The authors begin by giving a brief summary of the history of research on carnivorous plants, and the habitats of carnivorous plant species. The paper then considers their “functional morphology and the anatomy of different trap types,” as well as the digestion of their prey. The authors discuss a single example of each of the various types of trap, including the adhesive type, slipperiness, Dionaea types (the so-called Venus flytraps), aquatic traps, and suction traps. Let us describe each of these in turn.
Adhesive-Type Traps
Carnivorous plants such as sundews (Drosera, see the image at the top) and butterworts (Pinguicula) have specialized structures such as glandular hairs or tentacles that secrete a sticky substance, typically a thick, glue-like substance called mucilage. When an insect comes into contact with the sticky substance on the plant’s surface, it becomes trapped and is unable to escape. Once the insect is trapped, the plant secretes digestive enzymes onto the prey to break it down. These enzymes help to dissolve the prey’s soft tissues, allowing the plant to absorb the released nutrients.
Slipperiness
The slipperiness style of trap, exemplified by species such as Nepenthes (tropical pitcher plants), involves a mechanism that relies on a combination of specialized structures and fluids to capture and digest prey. Nepenthes plants develop specialized pitcher-shaped structures that act as traps.
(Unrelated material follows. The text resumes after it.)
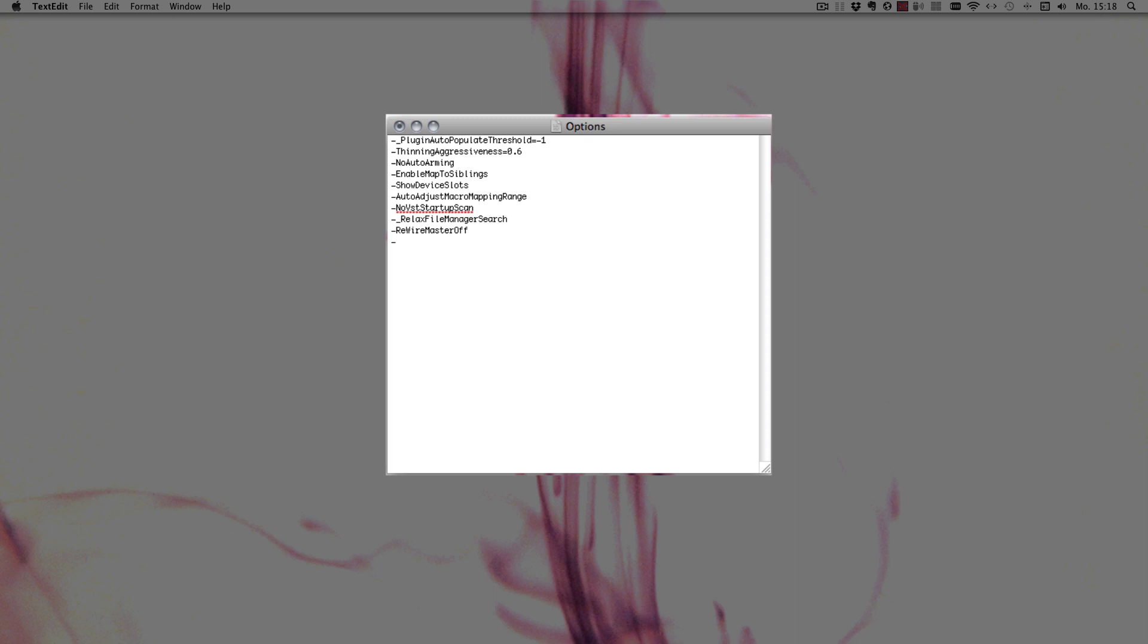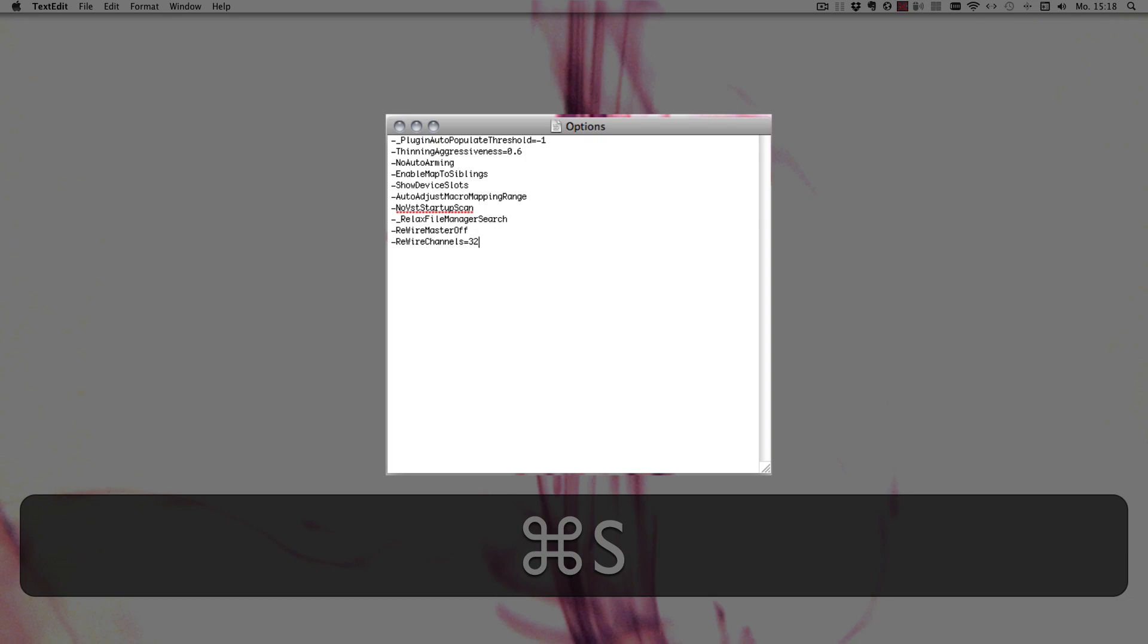The other one is rewire channels, and you have to add a value. The default is 16, which means you have 16 channels available when Live is the rewire slave. You can set it to a number between zero and 64. For example, we could set it now to 32 and save.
These are often modified leaves with a tubular shape (see the image above) and a slippery inner surface that is coated with a waxy substance. This coating makes the surface extremely slippery, causing insects to lose their footing and fall into the pitcher, at the bottom of which is a pool of fluid (often a mixture of rainwater and digestive enzymes), which serves to drown the prey and initiate digestion.
The Venus Flytrap
Dionaea muscipula, commonly known as the Venus flytrap, utilizes modified leaves that form a trapping structure. Each leaf consists of two lobes with sensitive trigger hairs on their inner surfaces. When an insect touches the trigger hairs, it stimulates the plant to close its trap. This mechanism is activated when the trigger hairs are touched twice within a short period, signaling the presence of potential prey. Upon triggering, the lobes of the trap close rapidly, typically within a fraction of a second. Once closed, the edges of the lobes interlock, forming a sealed chamber around the prey and preventing its escape. The plant then secretes digestive enzymes within the closed chamber.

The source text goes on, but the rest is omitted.